What you have to do: Reproduce the data below in full and exclude every picture.

Data items:

§ §

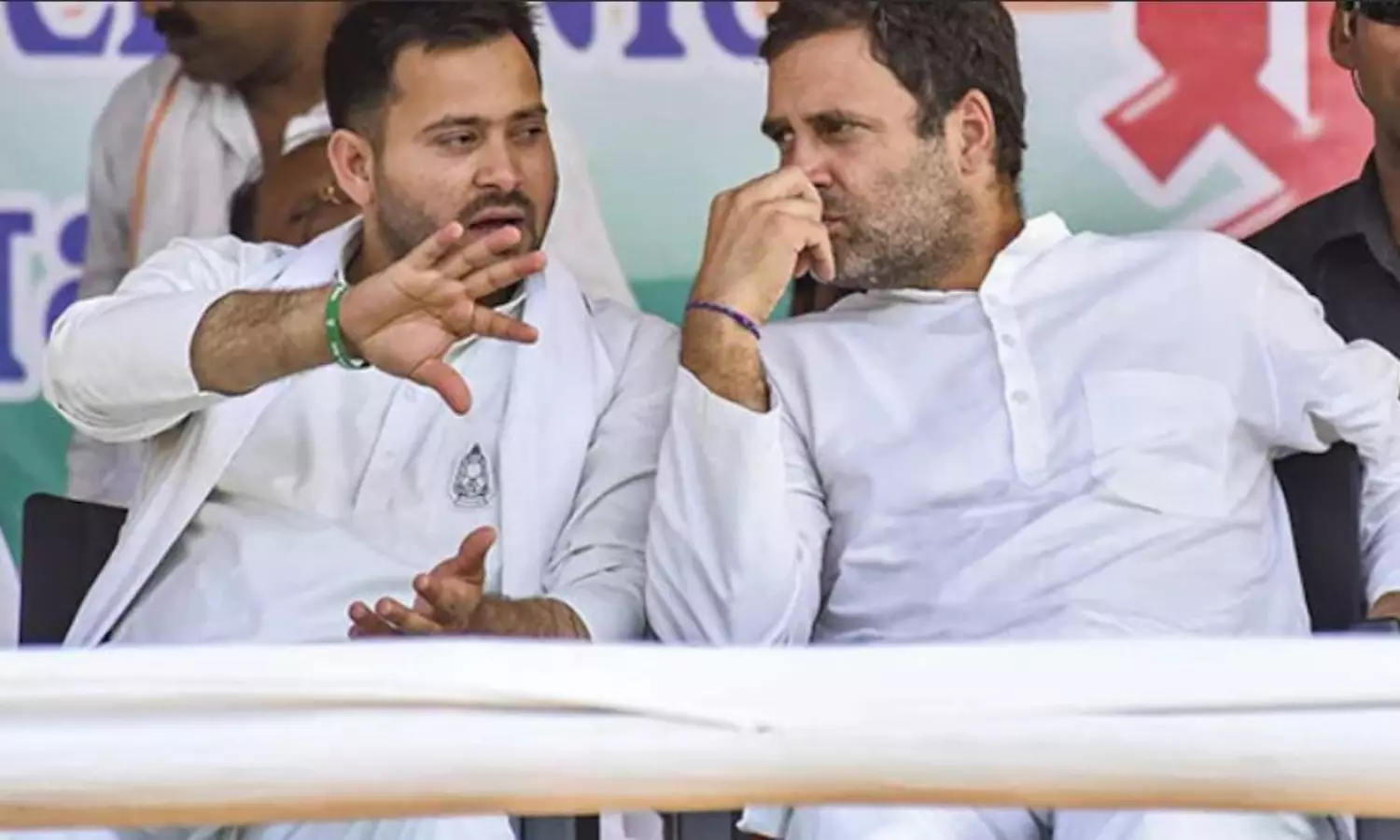 NDA trying to snatch peoples rights, destroy democracy: Tejashwi Yadav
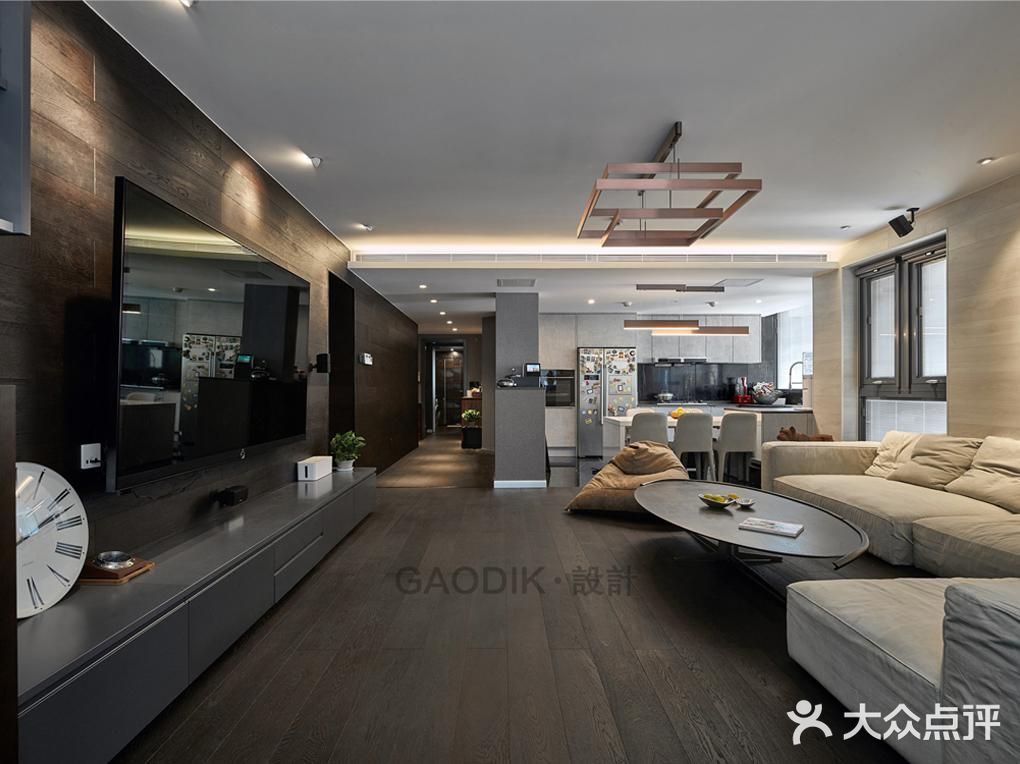 装修分享，花费3个月终于完工，170㎡的现代简约风家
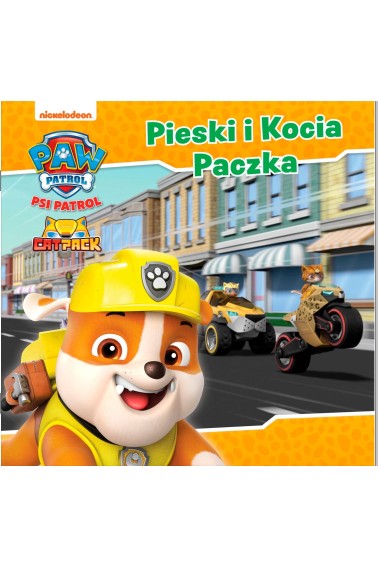 Psi Patrol Pieski i kocia paczka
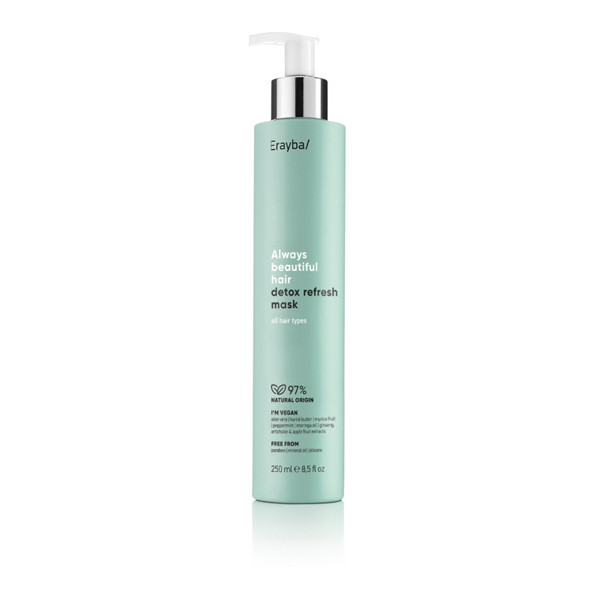 Маска-детокс для волосся Erayba ABH Detox Refresh Mask 250 мл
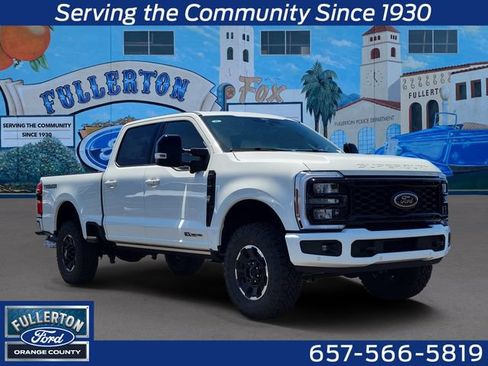 New 2026 Ford F350 Lariat w/ Tremor Off-Road Package AWD/4WD image 1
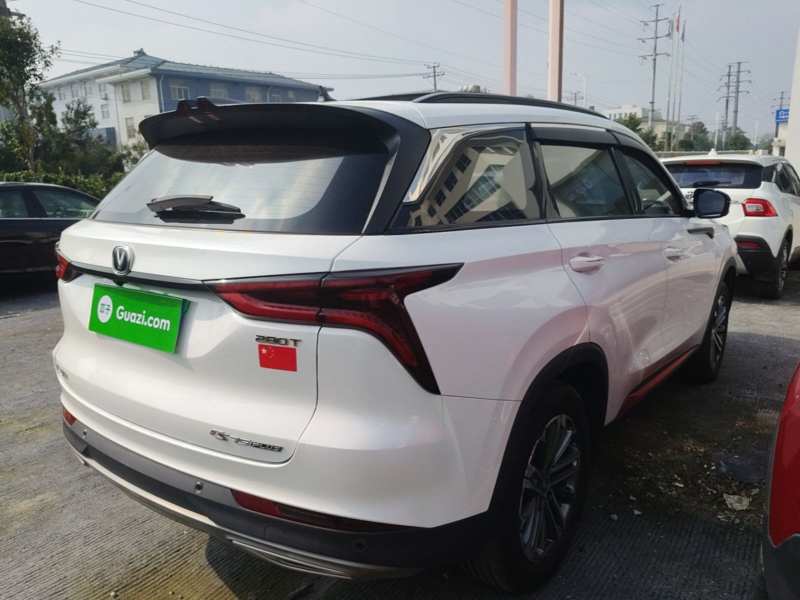 Used CHANGAN CS75 PLUS 2022 1.5T Automatic Prestige Model — 6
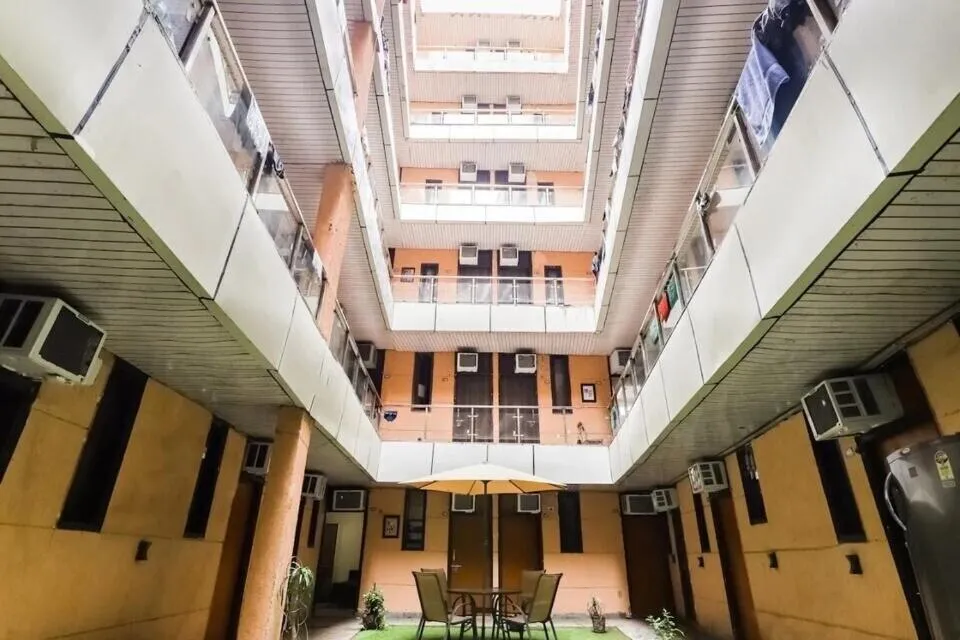 Facade/entrance in Hotel O Urban villa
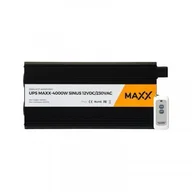Zasilacze awaryjne UPS - NoName Przetwornica napięcia UPS Maxx Sinus 12V/230V 2000W - miniaturka - grafika 1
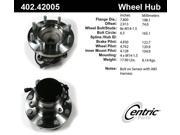 Centric Axle Bearing and Hub Assembly 402.42005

§ §

Task result:
 NDA trying to snatch peoples rights, destroy democracy: Tejashwi Yadav
 装修分享，花费3个月终于完工，170㎡的现代简约风家
 Psi Patrol Pieski i kocia paczka
 Маска-детокс для волосся Erayba ABH Detox Refresh Mask 250 мл
 New 2026 Ford F350 Lariat w/ Tremor Off-Road Package AWD/4WD image 1
 Used CHANGAN CS75 PLUS 2022 1.5T Automatic Prestige Model — 6
 Facade/entrance in Hotel O Urban villa
Zasilacze awaryjne UPS - NoName Przetwornica napięcia UPS Maxx Sinus 12V/230V 2000W - miniaturka - grafika 1
 Centric Axle Bearing and Hub Assembly 402.42005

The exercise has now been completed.